“Não é uma questão política. É uma questão sindical”. Ex-líder da UGT contra acordo na reforma laboral

Carlos Silva avisa que, em 2012, UGT perdeu milhares de filiados por ter assinado acordo de revisão da lei do trabalho. "Não queremos que se repita em 2026", nota o ex-secretário-geral.

No dia em que o secretariado nacional da UGT decide se essa central sindical alinha ou não num acordo em torno da reforma da lei do trabalho, Carlos Silva, ex-secretário-geral, volta a defender que não estão reunidas as condições para esse entendimento e atira que “está na hora” de a negociação chegar ao fim, visto que, após nove meses de negociações, várias das matérias críticas continuam por consensualizar.

Não é uma questão política. É uma questão sindical. As questões sindicais têm que ver com os direitos de quem trabalha. Houve décadas anteriores que levaram a que, neste momento, a legislação laboral tenha um conjunto de defesas para os trabalhadores portugueses. Não queremos, nem defendemos um retrocesso, nomeadamente com a reintrodução do banco de horas individual, que no meu tempo foi abandonado, porque mascarava o pagamento do trabalho suplementar“, frisa o ex-líder da UGT, em declarações à RTP Notícias.

Na visão de Carlos Silva, a intenção de reintroduzir o banco de horas por acordo direto entre o trabalhador e o empregador é “para fazer um jeito a alguém”, que não certamente os trabalhadores.

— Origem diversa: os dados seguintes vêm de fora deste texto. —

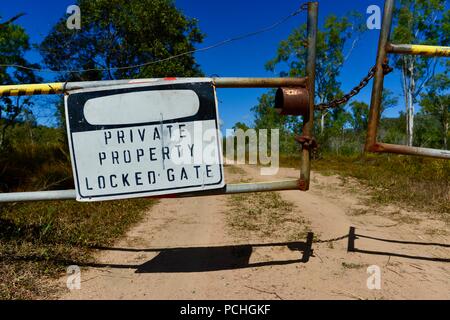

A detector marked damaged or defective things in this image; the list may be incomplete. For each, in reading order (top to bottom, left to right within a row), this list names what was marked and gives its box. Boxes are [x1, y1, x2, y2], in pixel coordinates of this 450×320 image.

rusty chain [312, 62, 394, 111]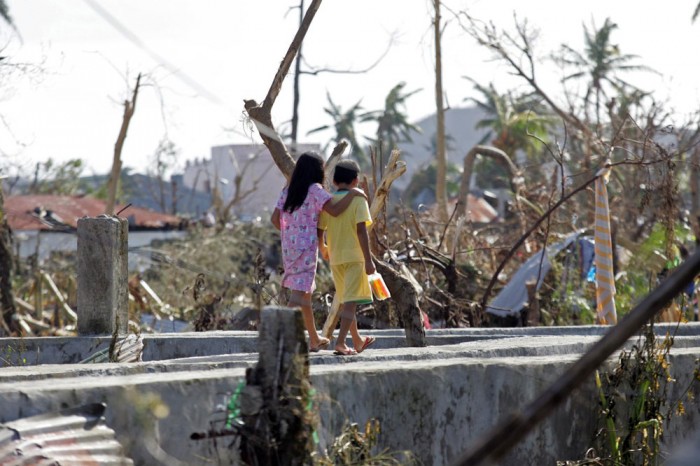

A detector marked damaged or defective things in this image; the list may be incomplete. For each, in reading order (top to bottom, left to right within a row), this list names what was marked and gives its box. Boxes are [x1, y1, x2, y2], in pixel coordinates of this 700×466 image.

rusty metal sheet [0, 402, 133, 464]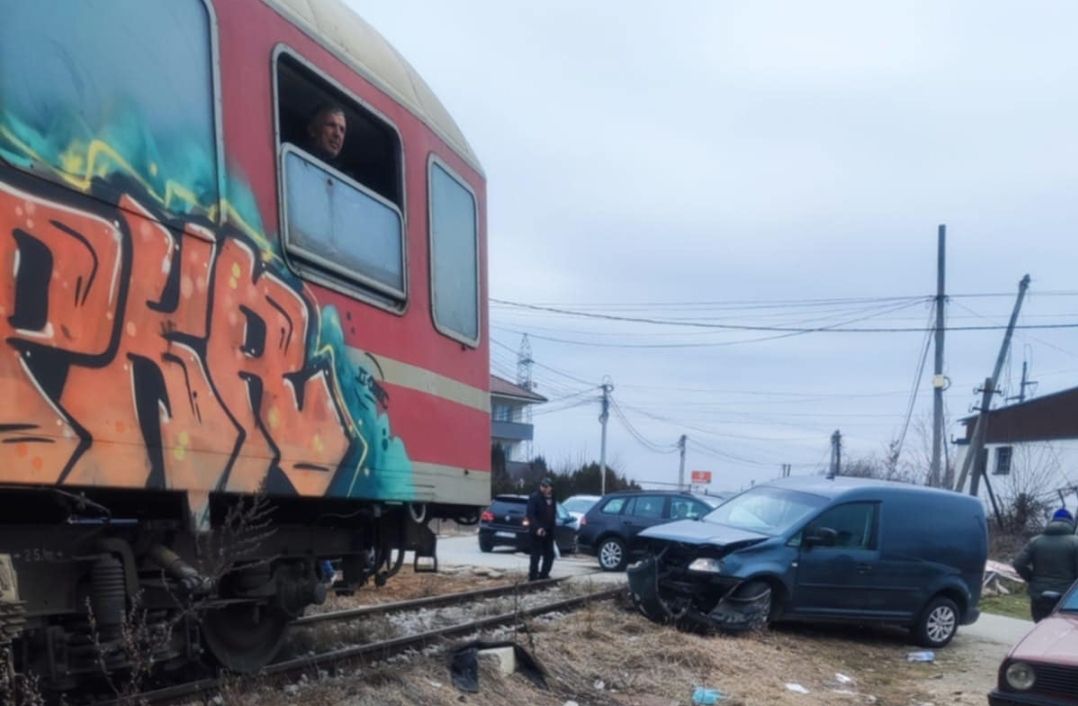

Esta é das matérias onde, apesar das aproximações, não foi possível chegar a um consenso. A UGT ainda admitiu aceitar o regresso desse regime, mas tornando a negociação coletiva um pano de fundo obrigatório, introduzindo custos extra e excecionando os trabalhadores com filhos mais pequenas, reivindicações que o Governo e as confederações empresariais não acolheram.

Em declarações à RTP Notícias, Carlos Silva sublinhou ainda que a UGT sempre foi um parceiro de negociação e diálogo, mas notou que está na hora de chegar ao fim desta negociação. “Nove meses é tempo demasiado para um processo negocial em relação à legislação laboral. Se o Governo não teve a condição, a qualidade, a vontade política de vir ao encontro das propostas da UGT, então resolva o problema e leve ao Parlamento“, avisou o ex-secretário-geral.

Por outro lado, o sindicalista salientou que, quando a UGT assinou em janeiro de 2012 o acordo de revisão laboral, num momento difícil do país, sofreu com a “debandada de milhares de filiados dos seus vários sindicatos“. “Lembramo-nos muito bem do que aconteceu em 2012. Não queremos que se repita em 2026, sobretudo quando as circunstâncias externas [são diferentes]”, rematou Carlos Silva.